Growing up in real filth impacts deeply on children as they get to an age to understand how others around them see it, and respond to it.
Growing up with passive abuse of animals also impacts deeply on children as they start to realize what they are part off, and they too did nothing.
Growing up with intelligent parents, protected by social standing, leaves children knowing their parents are exempt from consequences of whatever is done to them, impacting deeply and silently.
Mold on everything can indicate a damp/ventilation issue, as well as parents who can't or wont stay on top of it. Some seem to think it's just a thing they must live with.
Actual hoarding is a MH issue, and very difficult to treat even when the person is self aware and desperately wants help.
There is a big difference between hoarding and failing to chuck/clear out.
Filthy, unhygienic, and don't throw things out isn't automatically hoarding. But it can mimic the look of chaotic hoarding.
The difference is determined by if the stuff is held onto because of extreme emotional attachment, or just failure to chuck, pass on, dispose, but unbothered if it was all removed for them.
Having hoarding issues doesn't automatically equate to filthy homes.
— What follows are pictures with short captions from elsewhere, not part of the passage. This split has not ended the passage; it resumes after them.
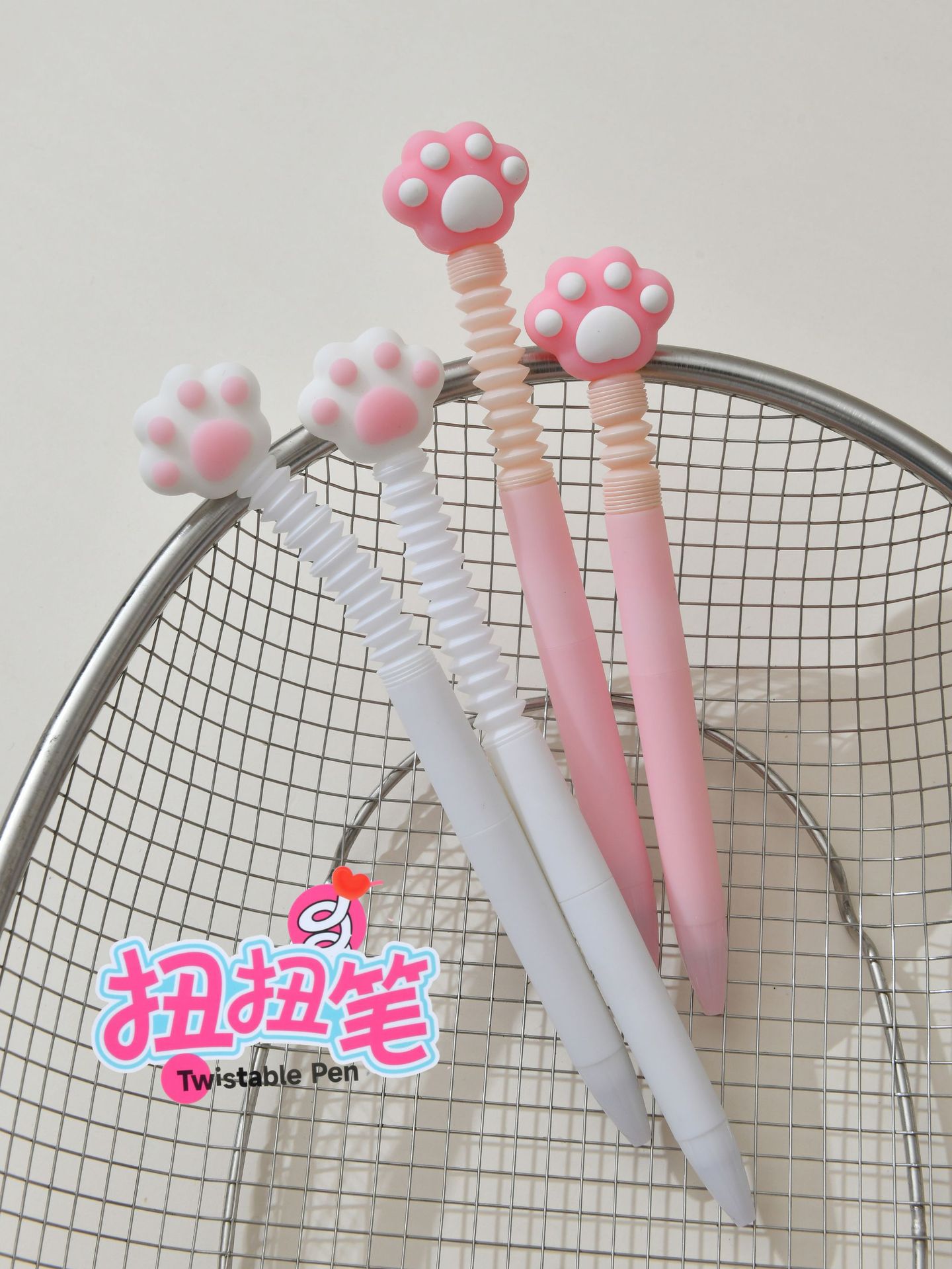新品花朵扭扭中性笔小学生解压高颜值创意文具签字笔毛线花工艺品礼品详情24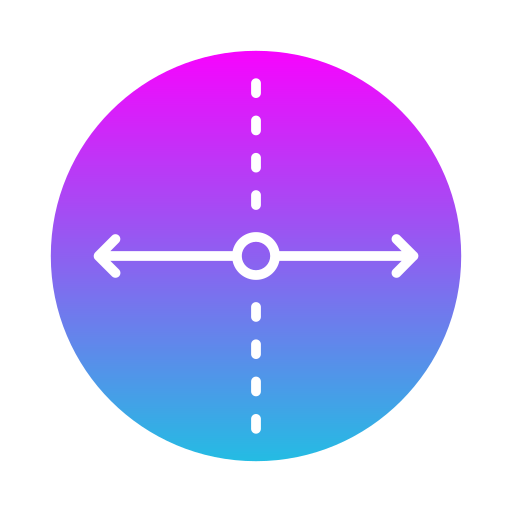 diámetro Generic gradient fill icono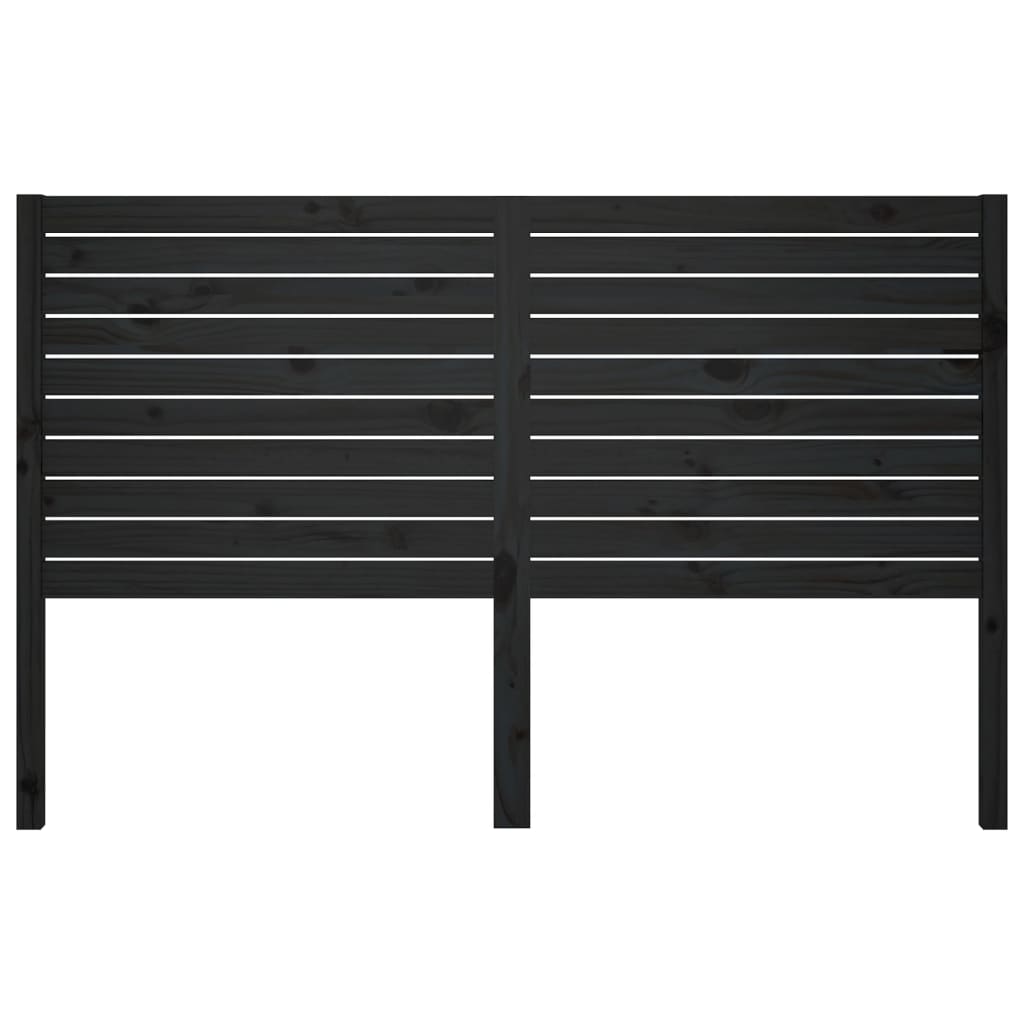 Kopfteil Schwarz 156x4x100 cm Massivholz Kiefer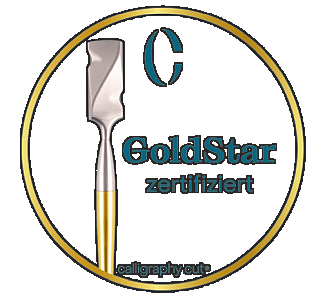Calligraphy Cut GoldStar zertifiziert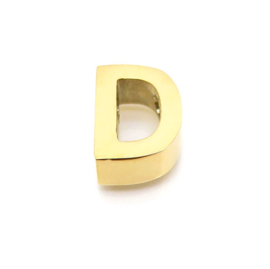 Gouden Ketting Letter D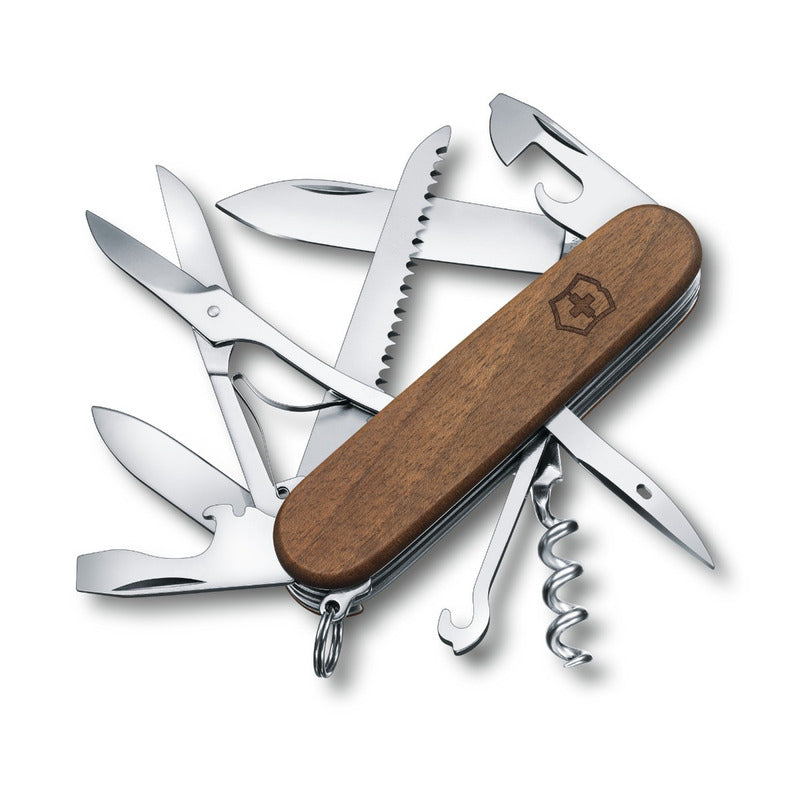Navaja Huntsman De Madera Cordonvx Y Grabado Gratis
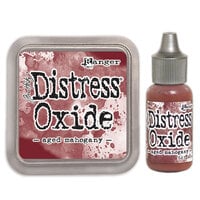 Ranger Ink - Tim Holtz - Distress Oxides Ink Pad and Reinker - Aged Mahogany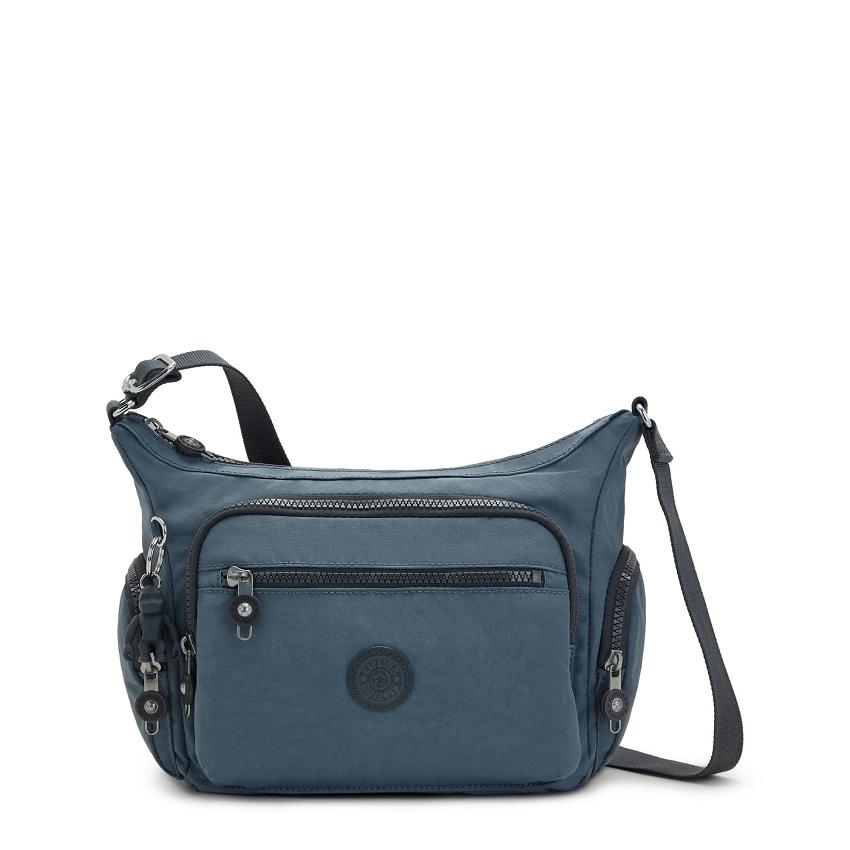 Torebki Listonoszki Kipling Gabbie Small Granatowe Szare | PL1586-QUQ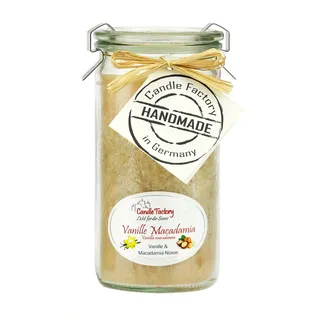 Candle Factory Mini Jumbo Vanille Macadamia Duftkerze Dekokerze 307102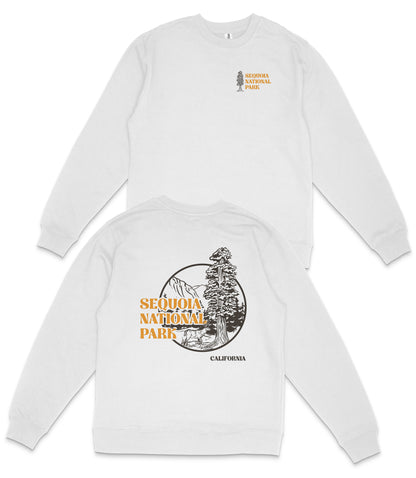 Sequoia National Park Midweight Crewneck Graphic Sweatshirt - Unisex Outdoor Pullover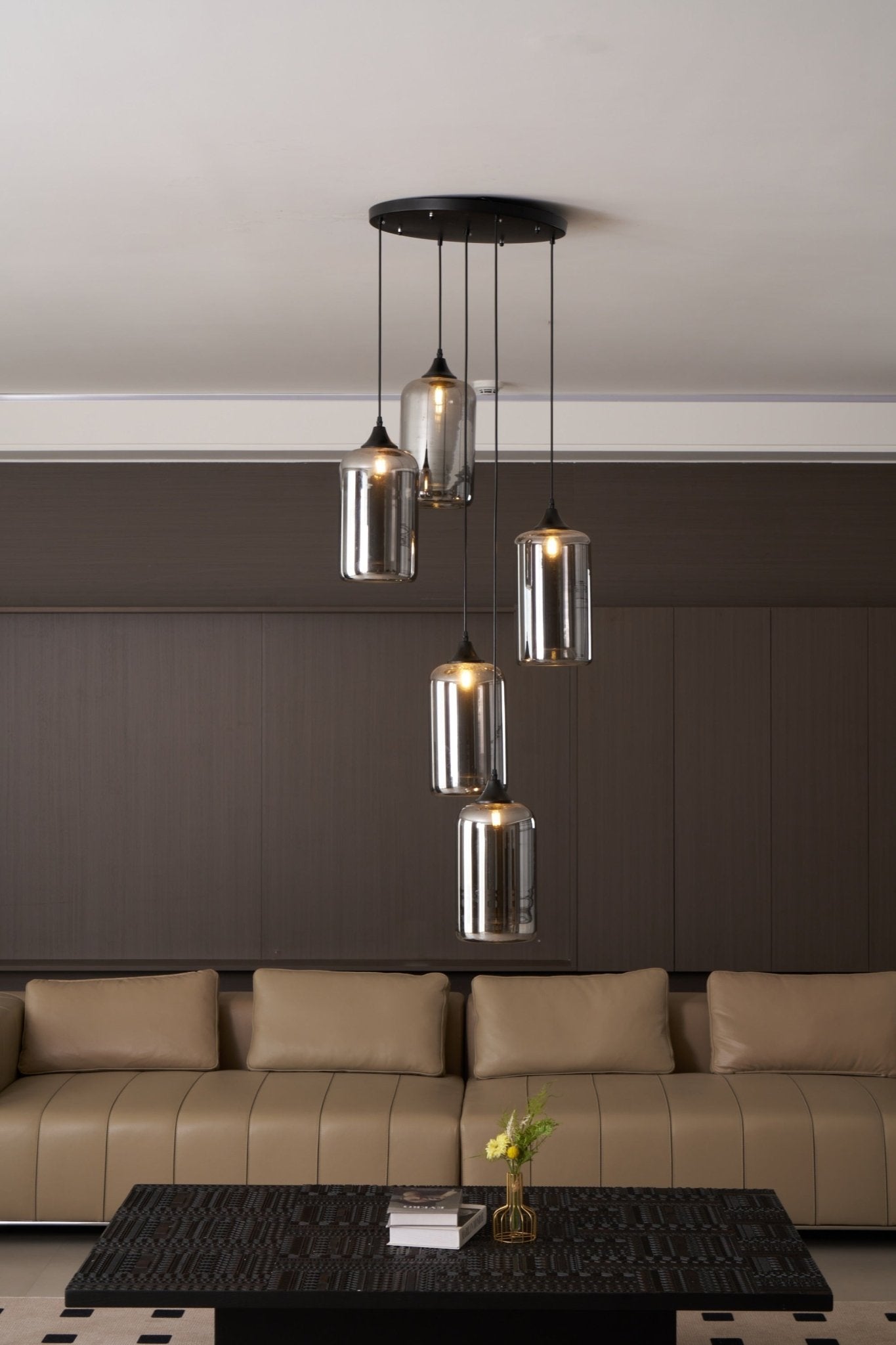 Mirelia Industrielle Pendelleuchte aus Glas-Letslighting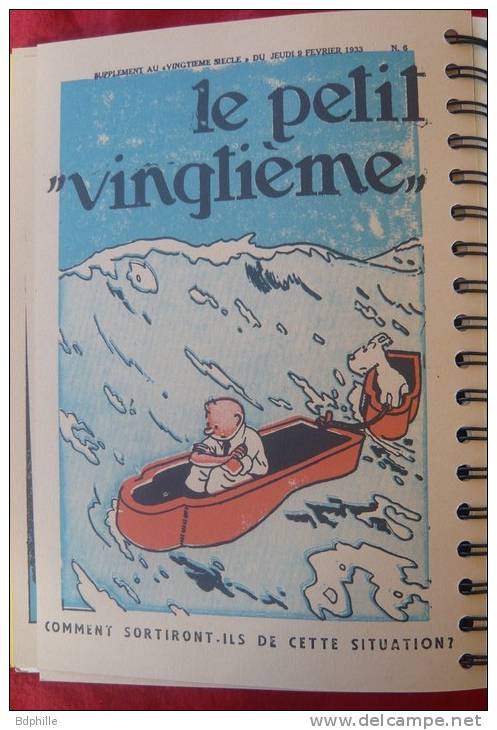 Tintin Le Petit Vingtième - Agenda 1996. ETAT NEUF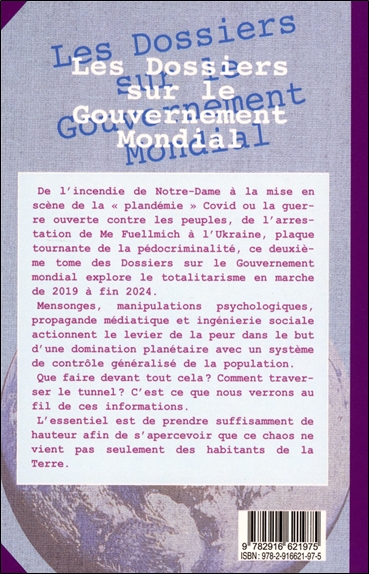 Les Dossiers sur le Gouvernement Mondial Tome 2 - Mensonges - Manipulations 2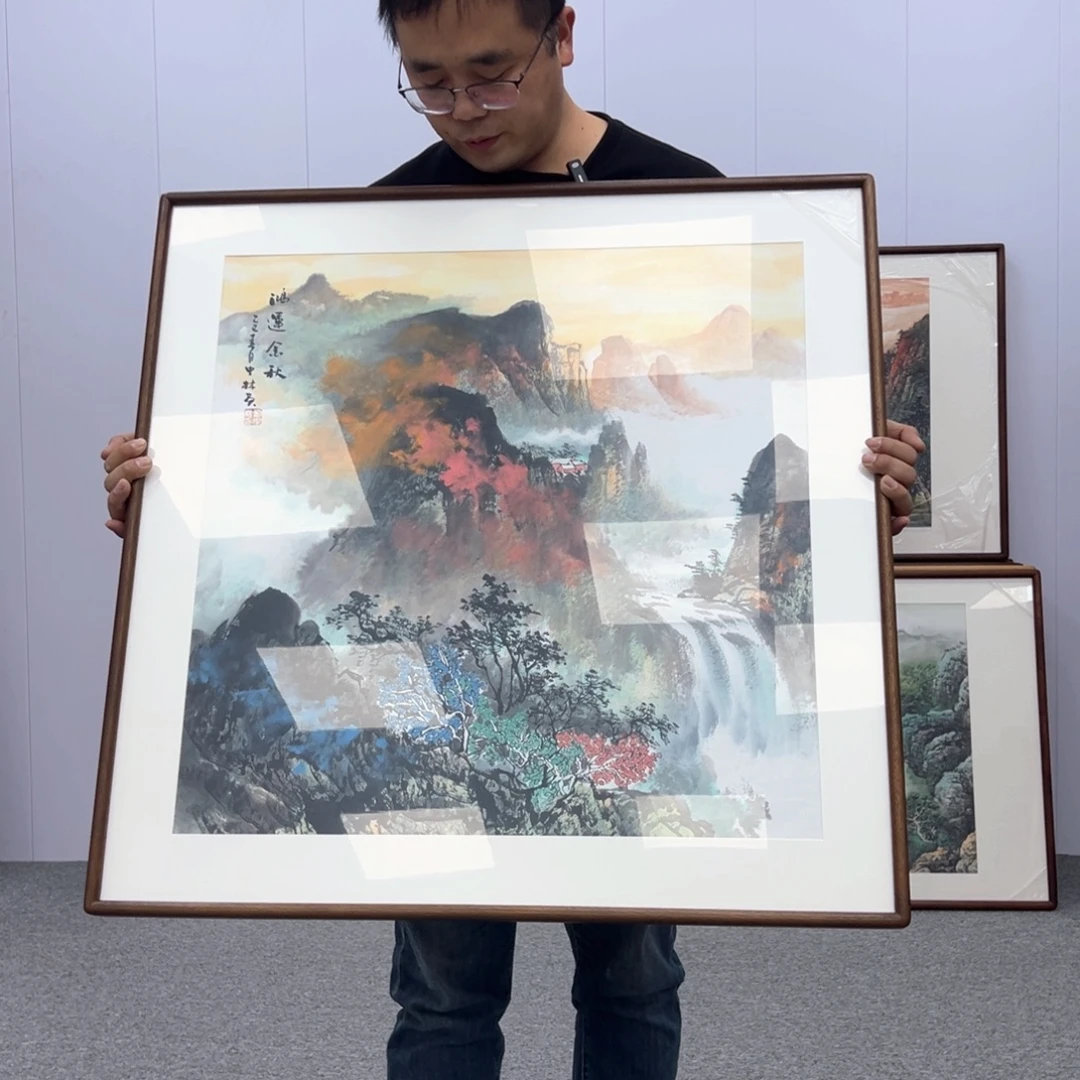 国画国画作品展览等80*80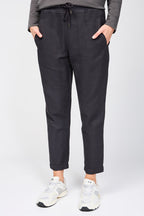 Herringbone Relaxed-Fit Chino Trousers - Magma Pigment - Women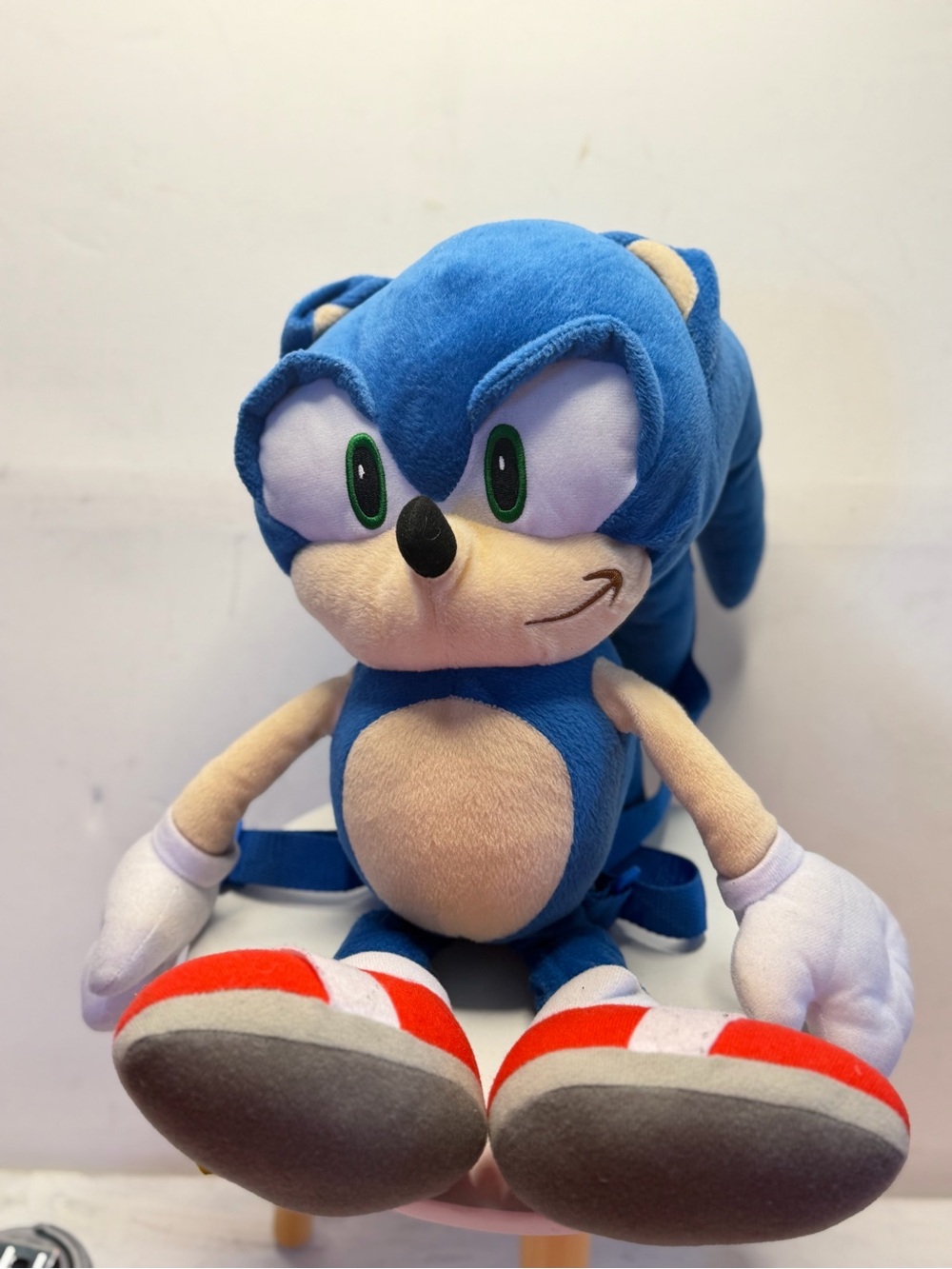 Blue Sonic Plush Backpack - Licensed Character Kids Toy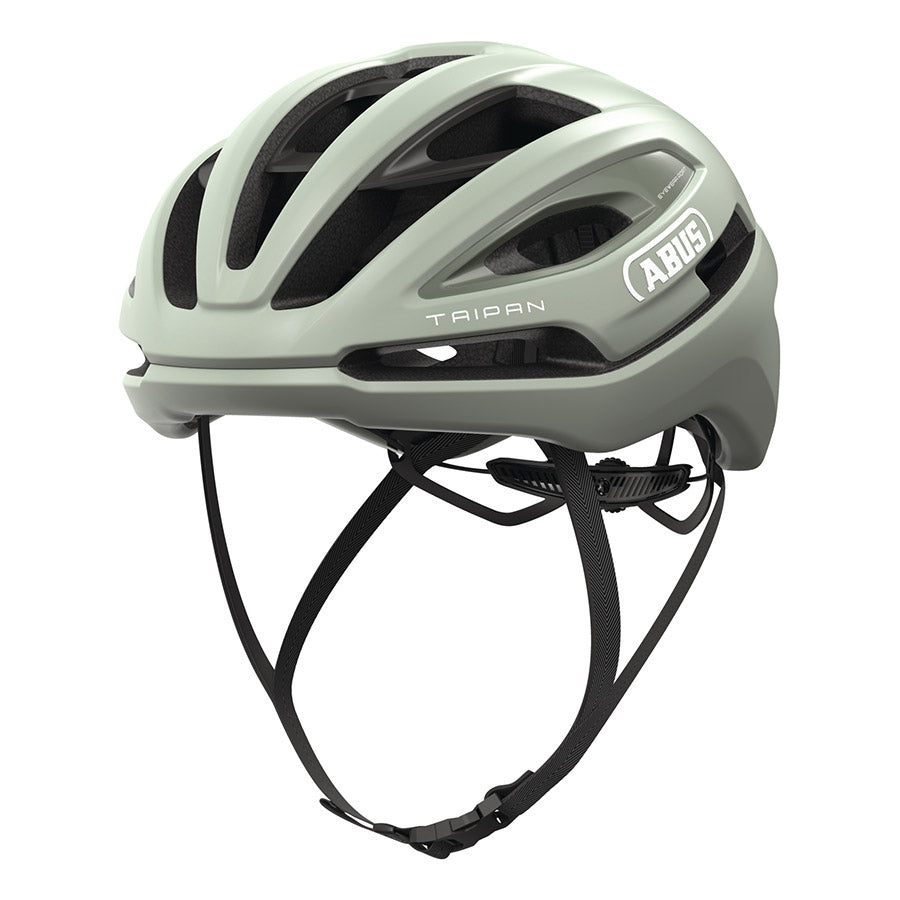 Abus Taipan road helmet in blue, size 57-61cm, with aerodynamic design and ventilation for cycling safety.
Or homes being out of control, though generally the later is common, but the while it's harder to clean with a lot of clutter, generally it results in the more used areas being clean enough, with hidden or unreachable areas becoming untended, but this can deteriorate.
Not emptying and cleaning cat litter trays is generally a level of care choice rather than entirely overwhelmed. (not including animal hoarders here)
Hoarding doesn't always mean untidy, dirty, squalid, some hoarders are very organized, tidy, clean, and obsessed with keeping things that way.
People have referred to squalor hoarding, what is being described here is very unpleasant but it isn't squalor hoarding. But if they are actual hoarders as opposed to people who fail to chuck, they have the prerequisites to develop into squalor hoarders.
If it is actual hoarding, not caring about hygiene, and protected by status as Dr's the children's situation and repercussions on them, is going to get considerably worse as they get older.